Les dossiers du Coran – La fabrique d’un livre
Selon les croyances islamiques, le Coran représente la révélation divine transmise à Muhammad par l’intermédiaire de l’archange Gabriel, connu sous le nom de Djibril. Les chercheurs contemporains estiment que la compilation définitive du Coran s’est achevée vers la fin du 7ème siècle, sous l’autorité du calife Abd al-Malik, soit environ sept décennies après le décès du Prophète. Cependant, les détails biographiques concernant le Prophète sont limités, à l’exception de la reconnaissance que la région de l’Arabie où il est né était majoritairement monothéiste à cette époque.
Bien que le contenu du texte sacré musulman soit resté constant depuis l’époque médiévale, la présentation matérielle du Coran a connu une évolution significative, passant de copies manuscrites à des formats numériques modernes.
Illustration : À la mosquée Assis en tailleur, un vieil homme lit le Coran dans la grande mosquée de Sanaa, au Yémen (photographie de 1981). Le bâtiment originel, depuis lors réaménagé, a été construit au VIIe siècle sur l’emplacement d’une église. Depuis quatorze siècles, le Livre saint est quotidiennement lu, récité ou écouté par des millions de musulmans à travers le monde.
I. Le Coran : Comment a-t-il été écrit ?
Les secrets du Coran restent en partie inexplorés. Depuis les années 70, une analyse approfondie est menée internationalement concernant ses racines, les circonstances de son apparition, ainsi que les procédés de sa rédaction et de sa structuration. Mohammad Ali Amir-Moezzi, figure de proue parmi les spécialistes français de l’islam, met en lumière ces informations qui continuent de se développer.
I.1 Qui est Mohammad Ali Amir-Moezzi ?
Occupant la position de directeur d’études à l’École pratique des hautes études (EPHE), Mohammad Ali Amir-Moezzi s’est distingué en supervisant la publication du Dictionnaire du Coran (Robert Laffont, 2007) et a collaboré avec Guillaume Dye sur l’ouvrage Le Coran des historiens (Cerf, 2019). Il est également l’auteur de l’œuvre Le Coran silencieux et le Coran parlant, une exploration des textes fondateurs de l’islam sous l’angle de l’histoire et de la dévotion, récemment disponible en format de poche chez CNRS Éditions ([2011], 2020).
I.2 Entretien avec Mohammad Ali Amir-Moezzi
I.2.a. Qu’est-ce que le Coran ?
Pour les croyants de l’islam, le Coran représente la parole divine, transmise à Muhammad par l’entremise de l’archange Gabriel, connu sous le nom de Djibril en langue arabe, aux alentours du 7ème siècle. Ce texte sacré constitue l’élément le plus vénéré de la foi musulmane, conjointement avec les hadiths, qui sont les dires et enseignements du Prophète Muhammad. Ces derniers ont été conservés et transmis au fil du temps par des compilations traditionnelles. Les hadiths font partie intégrante de la sunna, terme désignant le parcours et la manière de vivre préconisés par la tradition islamique, englobant non seulement les mots du Prophète mais également ses actes, ses décisions de justice, ses habitudes et même ses moments de silence.

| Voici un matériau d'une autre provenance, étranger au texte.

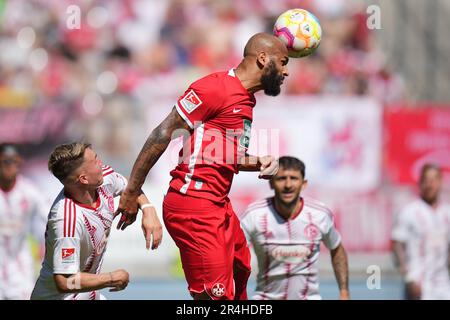 Kaiserslautern, Deutschland. 28. Mai 2023. Fußball: 2. Bundesliga, 1. FC Kaiserslautern - Fortuna Düsseldorf, Matchday 34, Fritz-Walter-Stadion. Kaiserslauterns Terrence Boyd mit Kopfzeile. Kredit: Thomas Frey/dpa - WICHTIGER HINWEIS: Gemäß den Anforderungen der DFL Deutsche Fußball Liga und des DFB Deutscher Fußball-Bund ist es verboten, im Stadion aufgenommene Fotos und/oder das Spiel in Form von Sequenzbildern und/oder videoähnlichen Fotoserien zu verwenden oder verwenden zu lassen./dpa/Alamy Live News Stockfoto
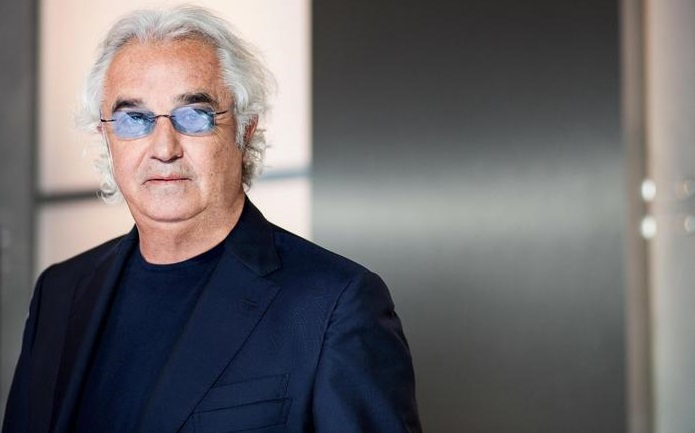 Coronavirus, Flavio Briatore ricoverato in condizioni serie al San Raffaele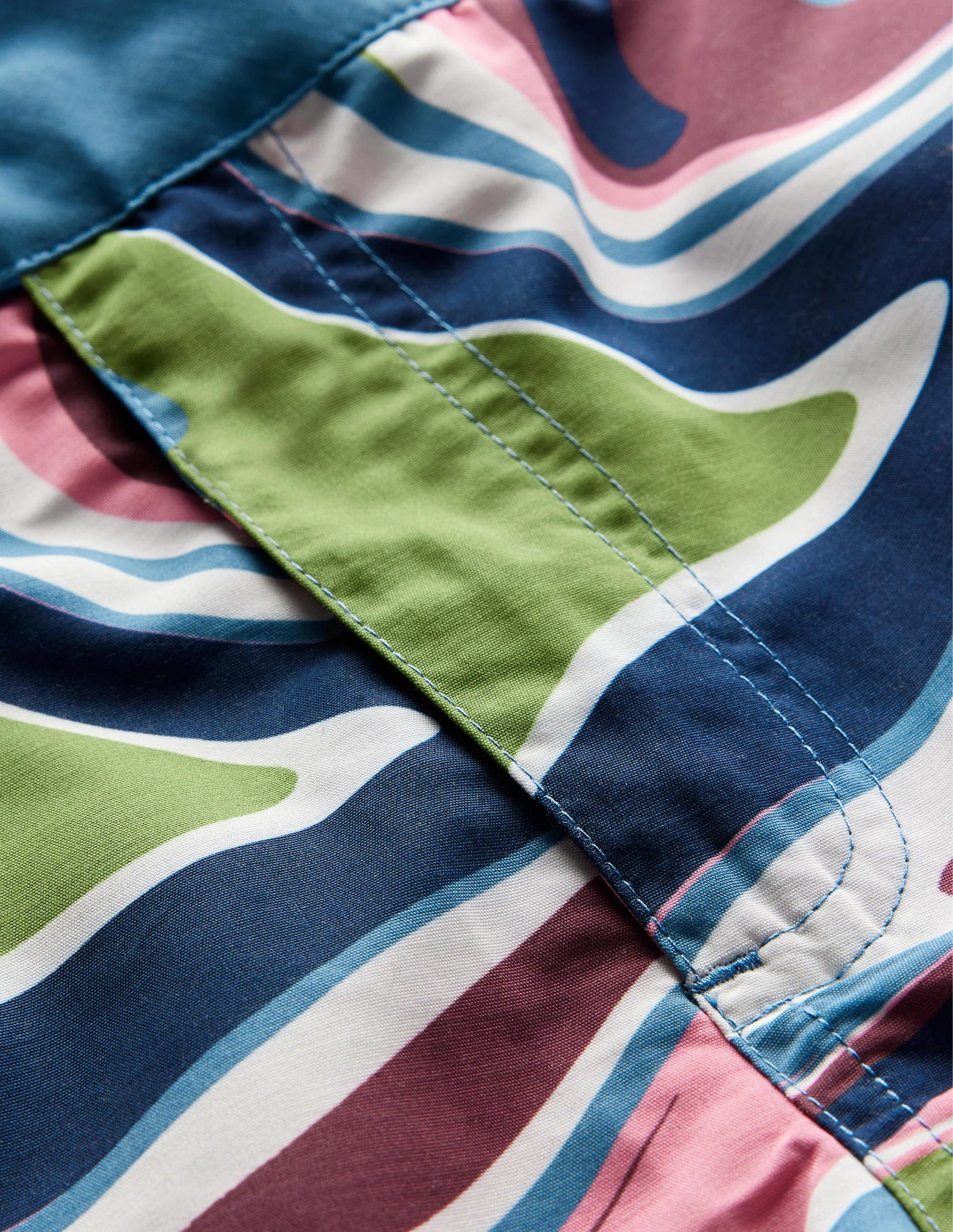 Badeshorts mit fixiertem Taillenbund-Bunt, Geschwungenes Muster - Image 6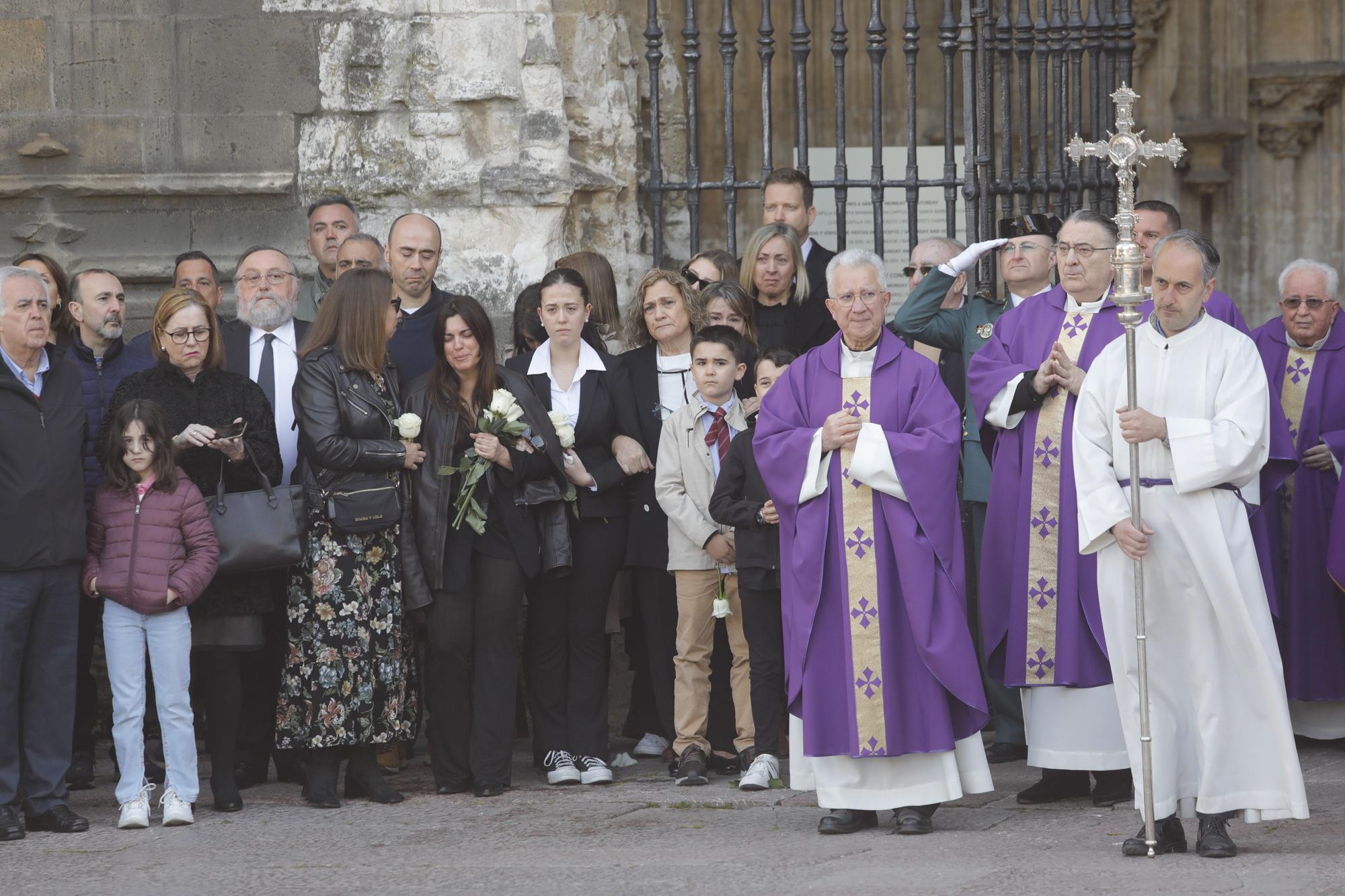 En imágenes: funeral en la catedral de Oviedo del guardia civil que evitó una masacre ciclista en Pravia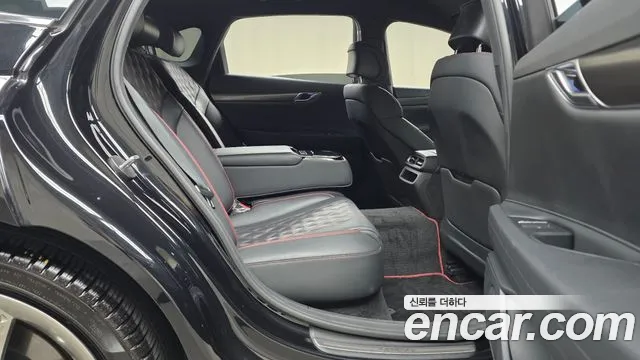 Genesis G80 2022 thumb 12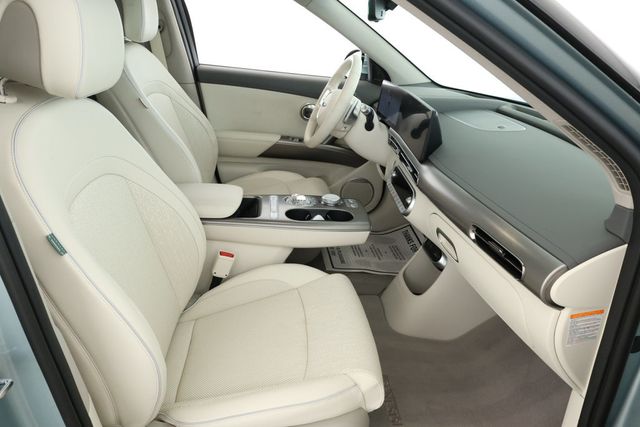 2025 Genesis GV60 Advanced AWD - 22925449 - 21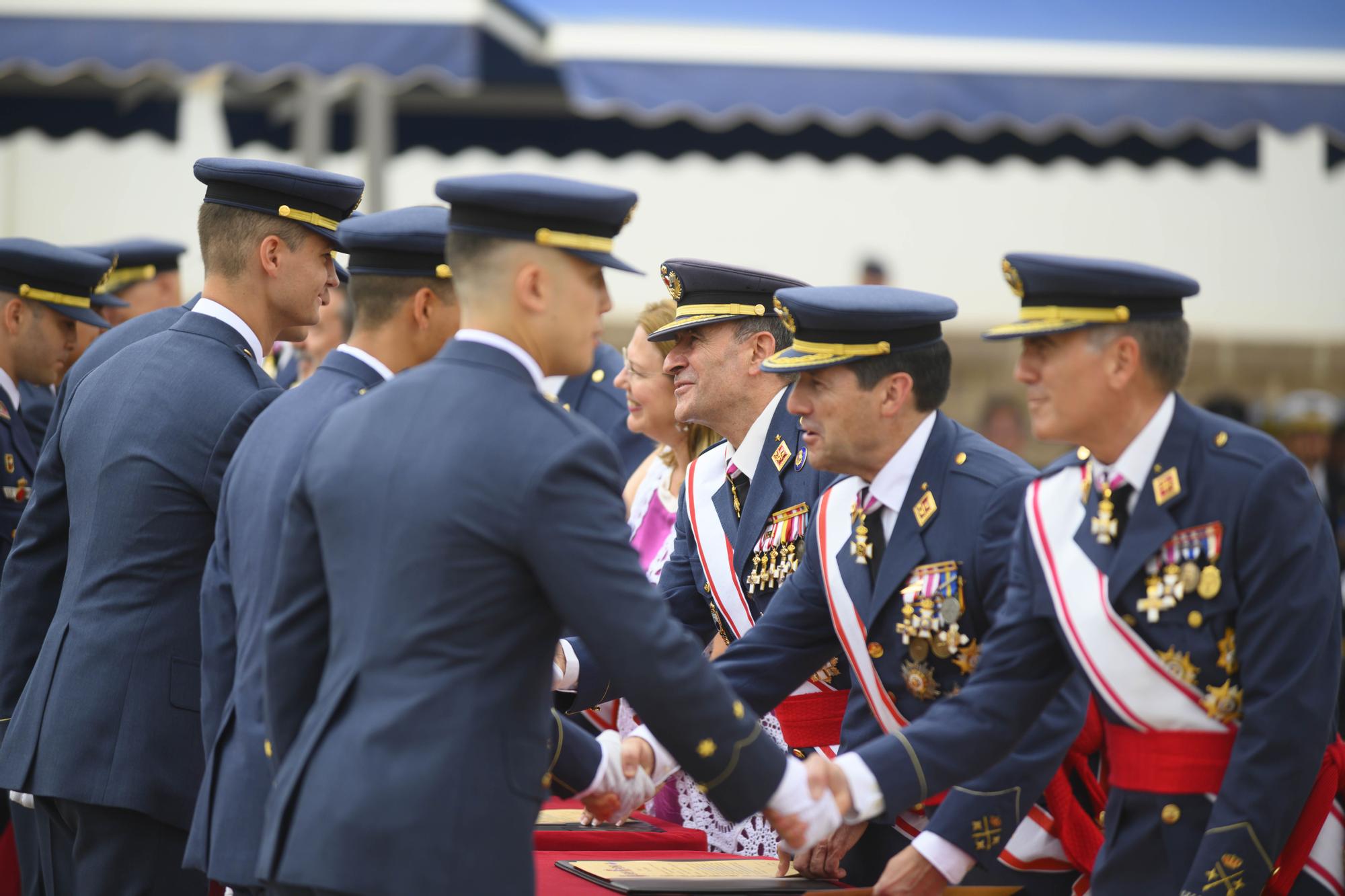 Las imágenes de la visita del rey Felipe VI en la Academia General del Aire de San Javier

Selon le point de vue de l’historien, la nature du Coran est bien plus nuancée que ce que l’on pourrait penser. Le Coran est en effet un assemblage complexe et hétérogène, qui allie des éléments littéraires, spirituels et historiques. Il englobe une diversité de textes aux genres et styles variés, tels que des directives spirituelles, des règles juridiques, des prophéties, des invocations, etc., majoritairement établis entre le 6ème et le 7ème siècle. Il est vraisemblable que le Coran ait été écrit par plusieurs individus qui ont non seulement consigné les dires du Prophète, mais également modifié et inclus d’autres éléments. C’est un fait reconnu par les sources islamiques elles-mêmes. La séparation entre le Coran et les hadiths n’est pas évidente, et il est probable qu’il y ait eu une période où la distinction entre les paroles divines, transmises par le Prophète, et les paroles du Prophète lui-même n’était pas clairement établie.
Mis à part quelques inscriptions découvertes en Arabie qui sont plus anciennes, ce texte représente également l’un des plus vieux documents littéraires en langue arabe identifiés à ce jour. La poésie arabe préislamique, quant à elle, a été compilée et transmise par écrit bien après.
Remarque : Le terme quran (coran) provient du syriaque qiryana, qui signifie livre de prières. En arabe, quran fait référence à la récitation ou lecture. C’est le texte sacré de l’Islam, tenu par les fidèles comme étant la révélation divine transmise en arabe à Muhammad de 610 à 632. Il a été consigné par écrit et formalisé à la fin du 7ème siècle. En tant que texte sacré, il est traditionnellement considéré comme intransposable dans une autre langue, bien que des traductions soient disponibles depuis le 10ème siècle.
I.2.b. Comment le Coran est-il structuré ?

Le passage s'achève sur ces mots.